A recent consultation went like this. A gentle, child-of-hippies type of woman comes in with diarrhoea and constipation.
Her: I had a look on the internet...and I know I shouldn't try to self-diagnose, but I was wondering if it could possibly be IBS?
Doc: Impossible. Can't believe anything on the internet. Inflammatory Bowel Disease is a very serious condition and it is very unlikely you have it...(etc etc etc etc)
Me: Um. Didn't she mean Irritable Bowel Syndrome?
Her: Yes, that's it. So I tried some natural medicines they recommended at the shop over there...
Doc instantly bristles, patronises her ("Cactus extract? What kind of cactus? There are many many kinds of cactus"), contradicts everything she says, and boots her out. After she leaves, he launches into lecture mode.
That there was a good lesson for you. What they don't teach you nowadays in medical school, which they did back in the days when I was training, is that you should never, ever let the patient take control. You'll see. When you've had 30 years of experience like me, you find out all patients want to use and abuse you. They'll come in with some scrap they've found off the Google and try to sell you some bullshit. Like that girl just then, she just flung piles and piles of bullshit all over the room. I picked it up right away, as soon as she came in - I've got my observations honed to perfection, it'll take you 30 years to get that kind of skill. Cactus extract! You saw how she tried to get her agenda on, but no way, I don't stand for that shit. You gotta learn that you're the doctor and you're the boss. She's a massage therapist - probably flunked out of high school - and she wants to tell YOU what to do! (etc etc etc etc)
Somewhere, an artsy-fartsy tie-died hippy-dippy anatomy-sucks ethics-roolz Newie lecturer is weeping. To be fair, I don't want to completely vilify him.

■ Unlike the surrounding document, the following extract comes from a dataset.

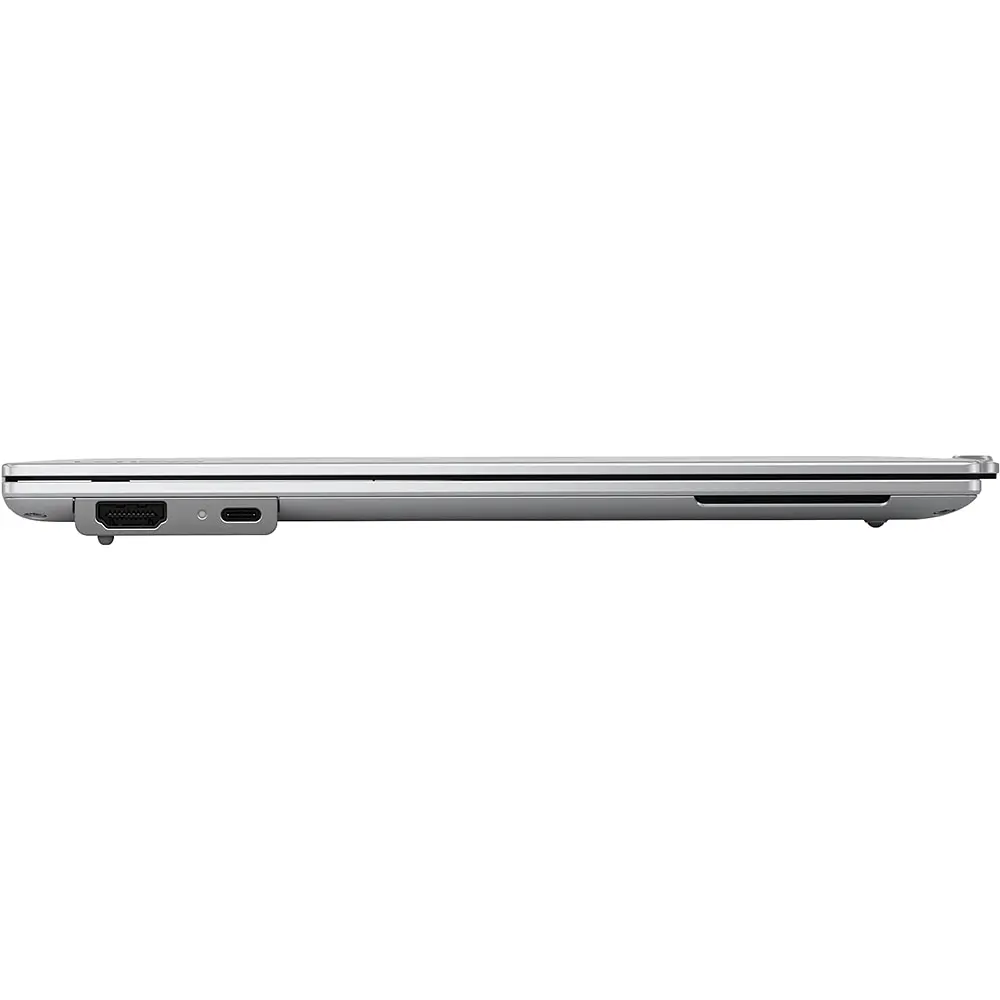 Ноутбук LENOVO ThinkPad X9-14 Gen 1 Aura Edition, Intel Core 7 258V до 4.5 ГГц, 14" 2.8K Touch, 32 ГБ, SSD 1 ТБ, Intel Arc 140V, Windows 11 Pro - фото 8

He's got his charm and is great with babies. He works up his patients really thoroughly and goes the extra mile for them...at least the ones he likes. I can tolerate him...and occasionally learn a thing or two, though I now take whatever he says with a fistful of salt - he's quite capable of making up facts.

Praps I have this impossible ideal of Perfect Doctor - one that others, and no doubt I myself, will constantly fall short of. But the standard's got to be at least: "how would I like to be treated? what if it was my grandma?".

Tuesday, September 9, 2008

Ritual

First you have to get through the negotiations. You introduce yourself as a student and exchange pleasantries and nervous jokes. You put on your shiniest Bedside Manner, perky and polite. Almost invariably, they consent with self-deprecating good nature. Everyone's got to learn some time, right? I'm happy to help if I can. Yes, thank you so much - I really appreciate it. If you feel uncomfortable at any time, please let me know and I'll stop. Your group and tutor are standing around you, sometimes participating in this exchange, but often just silent spectators at the show.

It's a shifting of power. Once you have given them the semblance of control, you proceed to command them to perform all sorts of bizarre manoeuvres. Could you take off your shirt, please? And would you mind if I pulled your pants down a little further? Is it ok if I put my hand here in your groin? This is someone who could be your grandmother's age, or your father's. In everyday life, you would perhaps nod at each other on a sidewalk, or if you met, you would defer to them as your elder and better. Now, circumstances have contrived that you both meet here, in this place of delicately balanced vulnerabilities. You have to get past your own anxious voices. Am I doing it wrong? Do they all think I'm a tard? Am I making it up, or do I really feel this? Am I hurting them? This is embarassing.

But when you're in the zone, when you've passed all the awkwardness and anxiety and come to focus, finally the physical examination becomes an oasis. The laying on of hands, the strict order of the tests and the calm solemnity recall the rituals of the ancients. Feel a pulse - make sure it is not your own. Put your hand on a heart. Listen. The room is quiet, the clatter of the hospital fades into the background, and all you can hear is the heart beat and breathing. A steady rhythm, almost music. One-two, one-two. It is a moment of strange intimacy.